Fish in Polish: a recipe from real panenki

The most dietary product is, of course, fish. And no matter what country it is cooked in, what spices add local flavor, the taste qualities of the fish and its nutritional value remain unchanged. One of these dishes is fish in Polish, the recipe of which we will consider.

In every country, seafood is held in high esteem and respect. But if landlocked countries treat fish with some trepidation, then coastal states simply include it in their daily diet. The fish fillet is absorbed by the body much better than meat, which explains the value of commercial fish. It contains a lot of protein, essential amino acids, vitamins of various groups (A, B, D), important macro- and microelements, such as iodine, phosphorus, calcium, selenium and many others, as well as saturated fatty acids that are beneficial for the body, which have an essential role in the work of the cardiovascular system.

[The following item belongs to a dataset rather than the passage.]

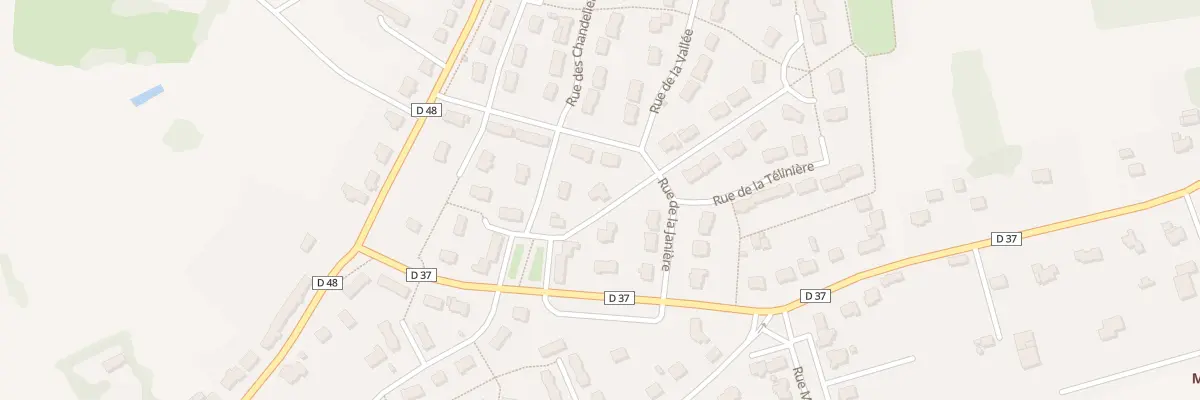 Plan du 4 Rue du Vallon de l’Epinette à Domalain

Fish in Polish, the preparation of which we take as a basis, has something in common with similar recipes from other countries. The constant in all of them is fish, and it is cooked with a variety of vegetables that grow in this country. Since the founder of the recipe, Poland, is a sea power, then, of course, the fish is used fresh, chilled, it is more aromatic and tastier. When choosing it, we are based on standard techniques: the fish should be undeformed, not have kinks, bends and violations of the integrity of the skin, without an external smell and mucus, traces of stripping and spots. Freshly frozen fish always has transparent eyes, which is worth paying attention to when buying. And to be completely frank, a fish caught in a nearby pond by a fisherman will also do, from this dish will also acquire the sweetness of good luck and victory.

We begin preparations by cleaning the fish: gut it and rinse it under running water. Disassemble, free from bones and remove the head. Sprinkle fillet with salt and pepper and put in a pan. The first layer of carrots chopped on a grater with large holes (2 pieces), lay the fish fillet in the second layer, and the finely chopped onions (2 pieces) lay out the third layer. Pour this assortment with broth, to which we add bay leaf and allspice (you can use mushroom or instant cooking broth) and cook for 20 minutes over low heat - the fish is ready in Polish. This recipe is very simple, and the ingredients are always available. It turned out a diet dish, it can be eaten even by patients with diseases of the gastrointestinal tract during the exacerbation period (if you do not use instant broth).

In this case, the fish in Polish, a recipe that you already know, is a restorative diet and a very healthy dish. And you can put the fish fillet on a baking sheet, greased with vegetable oil. On top of it lay halves of cherry tomatoes, chopped olives and chopped walnut kernels, and then fry until golden brown in an oven for 30 minutes at a temperature of 170 ° C. After you supply everything with fresh basil, you will end up with a new and more spicy dish. This is how the fish is cooked in Italian.

And if the distinctive feature of European cuisine was lean fish diet cooking, where vegetables occupied a considerable part, then the main and prevailing note acts as the national flavor of Russian and Slavic dishes - the dish should be hearty. Therefore, the fish is royal, the recipe of which we will now consider, will be pickled and baked in a large amount of mayonnaise. Submerge the fish in the marinade for 30-40 minutes, to prepare it you will need: mayonnaise - 200 grams, 2 heads of onion chopped with rings, finely chopped dill. Put the fish on a baking sheet and bake in the oven for 30-35 minutes at a temperature of 170 ° C, you can sprinkle crushed cheese crumbs on top. Fish is served with a side dish of boiled or fried potatoes, red beans or rice.